The more closely we look around us, the more we get nearer to reality where so many individuals work with a certain grit, commitment and dedication to achieve what their hearts desire.

These individuals are the ones that not only work to attain their set goals in their career but also help others in their journeys. Talking about the sales and consulting business, which is growing each passing day across nations as professionals from various industries aim to get nearer their visions and aspirations in business, we can notice the boom in this niche; thanks to professional entrepreneurs like Dustin Aab.
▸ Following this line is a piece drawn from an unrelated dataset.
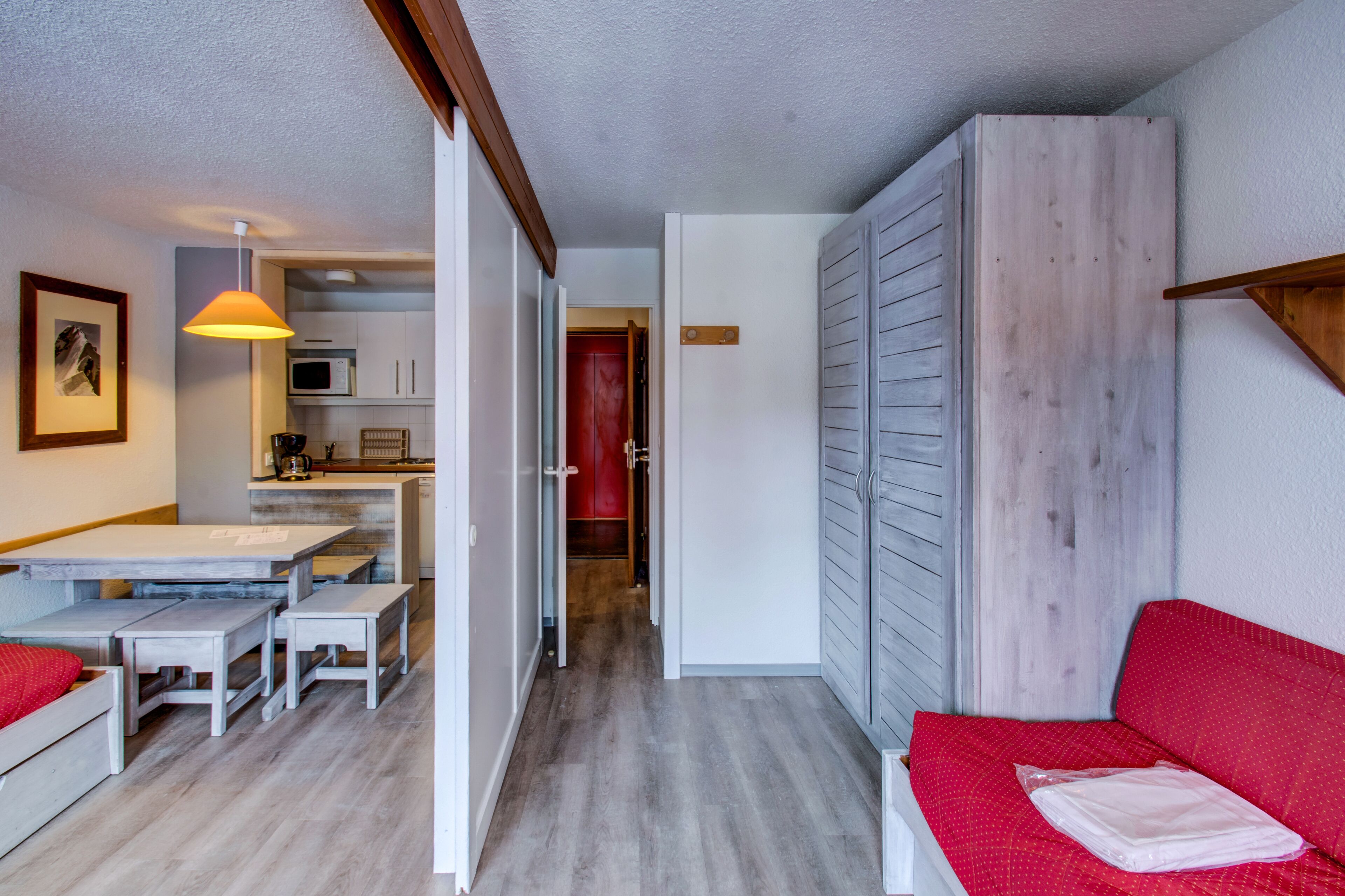 Ett kompakt bostadsutrymme med en matplats, ett litet kök och en röd soffa.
Based out of California, Dustin Aab is a leading American entrepreneur, who excels in sales and consulting and has been shaping the careers of hundreds of people through his astute skills and knowledge as a true professional in the industry. It was seven years ago that Dustin Aab had started his career in the sales arena and from the past six years owns his sales company, under which he is working with the mission to turn the desires and dreams of professionals into reality through his mentorship and coaching in sales.

Dustin Aab’s sales and consulting business is all about providing the best of the industry products and services that help individuals change their financial status and situation. His life has been full of challenges, but Dustin Aab very early had realized the power of working hard and putting in every possible effort to make a successful career; hence, after working so hard for years, he has been able to create the financial freedom he wanted by becoming an entrepreneur. He hopes to change as many lives as he can in his career and take people nearer to their definition of success. He does sales mentorship and consulting for not just individuals, but companies as well.